When I came to Lot’s wife, I sang of her looking back at children she had lost and the neighbors she would never see again.  I sang of how she became an inhuman thing – for looking, for longing. She lost everything — including herself.

This will read just as weirdly as it sounds: from the small windows at the very top of the sanctuary, I became aware of soft voices – all seemingly female. “Tell my story,” one said. “Tell my story,” said another. The voices were gentle enough, but they were insistent, clamoring. Countless Jewish women of some ages past were suddenly asking me to tell their stories. And they wouldn’t stop asking  –  even as I continued singing, inventing, telling the stories I knew from Tanakh.
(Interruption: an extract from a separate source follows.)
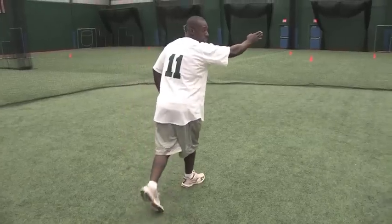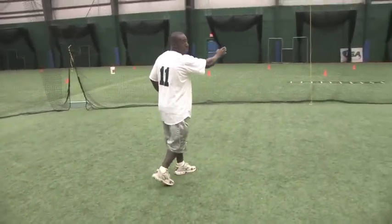So if a ball's hit to right center, my first movement will not be this way — it will be back this way, and then running at an angle over here to the ball, so that I can come back and work my way back this way.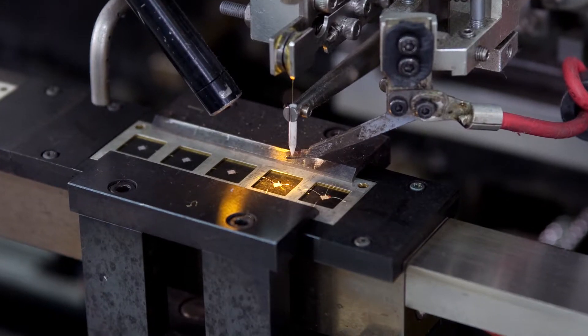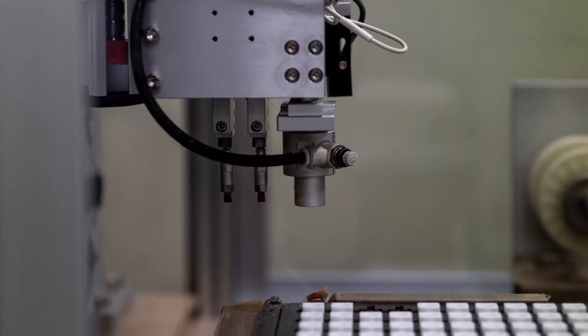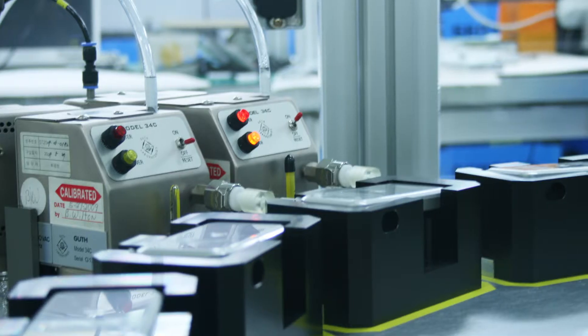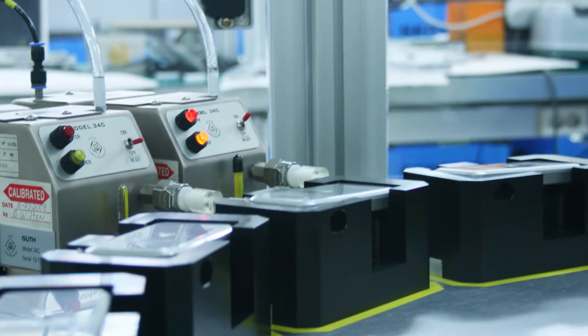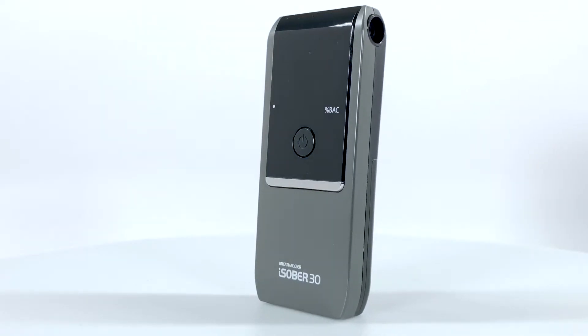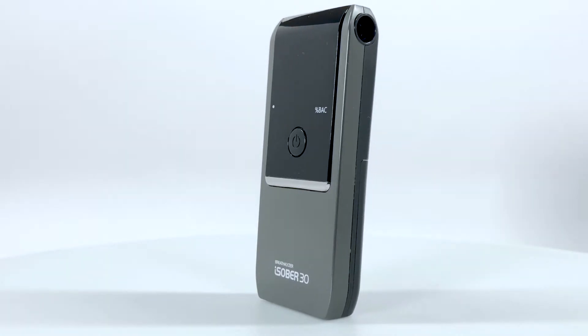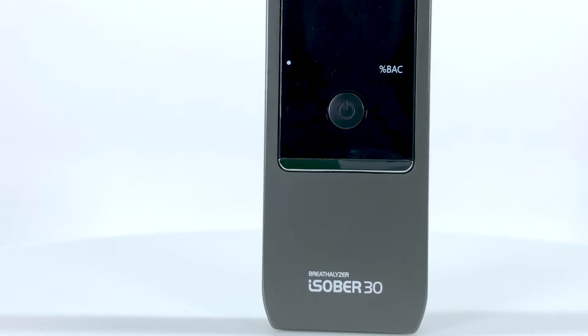It's important to note that all measuring tools are calibrated to ensure their ongoing accuracy. That's why the iSober 30 comes with its own calibration service, unlike cheaper manufacturers who care more about their sales numbers than accuracy and reputation. To guarantee consistent results, the iSober 30 has its own calibration display reminder, based on usage, and recalls the last ten test results.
At some point, I said (thought?) helplessly: “I can’t tell all your stories – I would never have the time to do that.” I paused. “But I will try. I will do my best in the years I have.”

And the voices were still.

Recently, I have realized that my whole life – all my academic research, all of my teaching, any activism I’ve engaged in – has been devoted to telling the stories of those whose voices have been lost or suppressed. The outcome saddens me. I have achieved so little. I have longed for so much.

Am I, in the end, a descendant of the unnamed Lot’s wife? Will I, too, turn into some form that even while it crumbles, can only leave behind near fruitless efforts to combat the toxic uses of power that continue to rain down upon the vulnerable?

But of course, that sort of sadness is a useless exercise. There is a deeper learning here. Whatever that Thing That Happens is, it is for the good and to the good and about the good. I plan to be grateful for that.

And to all those pleading voices, I say: Yes. I am still here, and I will tell your stories.